● YOUR TASK: In your answer, repeat each line of the data exactly.

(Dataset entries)
———

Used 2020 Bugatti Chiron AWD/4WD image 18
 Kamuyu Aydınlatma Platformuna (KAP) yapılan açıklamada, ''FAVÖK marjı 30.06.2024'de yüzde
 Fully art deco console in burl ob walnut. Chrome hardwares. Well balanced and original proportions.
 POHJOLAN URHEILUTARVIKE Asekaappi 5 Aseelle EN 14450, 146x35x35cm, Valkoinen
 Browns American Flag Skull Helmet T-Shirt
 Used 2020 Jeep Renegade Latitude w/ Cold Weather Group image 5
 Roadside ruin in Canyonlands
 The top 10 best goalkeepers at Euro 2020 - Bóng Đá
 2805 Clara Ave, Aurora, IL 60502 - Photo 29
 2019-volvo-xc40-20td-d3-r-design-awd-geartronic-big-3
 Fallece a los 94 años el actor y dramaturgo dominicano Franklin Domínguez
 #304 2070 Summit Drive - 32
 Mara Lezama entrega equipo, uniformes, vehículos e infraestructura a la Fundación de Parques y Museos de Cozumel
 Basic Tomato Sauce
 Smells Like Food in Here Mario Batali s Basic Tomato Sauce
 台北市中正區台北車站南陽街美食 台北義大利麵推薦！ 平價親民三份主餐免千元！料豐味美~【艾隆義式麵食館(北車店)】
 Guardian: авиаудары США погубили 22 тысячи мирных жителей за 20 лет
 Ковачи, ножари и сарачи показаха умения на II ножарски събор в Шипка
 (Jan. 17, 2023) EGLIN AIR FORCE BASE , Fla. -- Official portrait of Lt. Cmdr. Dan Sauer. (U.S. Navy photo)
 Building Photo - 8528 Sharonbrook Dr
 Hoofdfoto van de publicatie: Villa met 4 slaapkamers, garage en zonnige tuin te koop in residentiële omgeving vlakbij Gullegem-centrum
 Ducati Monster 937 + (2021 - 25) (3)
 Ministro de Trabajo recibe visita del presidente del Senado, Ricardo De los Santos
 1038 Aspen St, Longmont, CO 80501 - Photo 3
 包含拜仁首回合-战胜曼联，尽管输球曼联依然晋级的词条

———

● WRITTEN REPLY:
Used 2020 Bugatti Chiron AWD/4WD image 18
 Kamuyu Aydınlatma Platformuna (KAP) yapılan açıklamada, ''FAVÖK marjı 30.06.2024'de yüzde
 Fully art deco console in burl ob walnut. Chrome hardwares. Well balanced and original proportions.
 POHJOLAN URHEILUTARVIKE Asekaappi 5 Aseelle EN 14450, 146x35x35cm, Valkoinen
 Browns American Flag Skull Helmet T-Shirt
 Used 2020 Jeep Renegade Latitude w/ Cold Weather Group image 5
 Roadside ruin in Canyonlands
 The top 10 best goalkeepers at Euro 2020 - Bóng Đá
 2805 Clara Ave, Aurora, IL 60502 - Photo 29
 2019-volvo-xc40-20td-d3-r-design-awd-geartronic-big-3
 Fallece a los 94 años el actor y dramaturgo dominicano Franklin Domínguez
 #304 2070 Summit Drive - 32
 Mara Lezama entrega equipo, uniformes, vehículos e infraestructura a la Fundación de Parques y Museos de Cozumel
 Basic Tomato Sauce
 Smells Like Food in Here Mario Batali s Basic Tomato Sauce
 台北市中正區台北車站南陽街美食 台北義大利麵推薦！ 平價親民三份主餐免千元！料豐味美~【艾隆義式麵食館(北車店)】
 Guardian: авиаудары США погубили 22 тысячи мирных жителей за 20 лет
 Ковачи, ножари и сарачи показаха умения на II ножарски събор в Шипка
 (Jan. 17, 2023) EGLIN AIR FORCE BASE , Fla. -- Official portrait of Lt. Cmdr. Dan Sauer. (U.S. Navy photo)
 Building Photo - 8528 Sharonbrook Dr
 Hoofdfoto van de publicatie: Villa met 4 slaapkamers, garage en zonnige tuin te koop in residentiële omgeving vlakbij Gullegem-centrum
 Ducati Monster 937 + (2021 - 25) (3)
 Ministro de Trabajo recibe visita del presidente del Senado, Ricardo De los Santos
 1038 Aspen St, Longmont, CO 80501 - Photo 3
 包含拜仁首回合-战胜曼联，尽管输球曼联依然晋级的词条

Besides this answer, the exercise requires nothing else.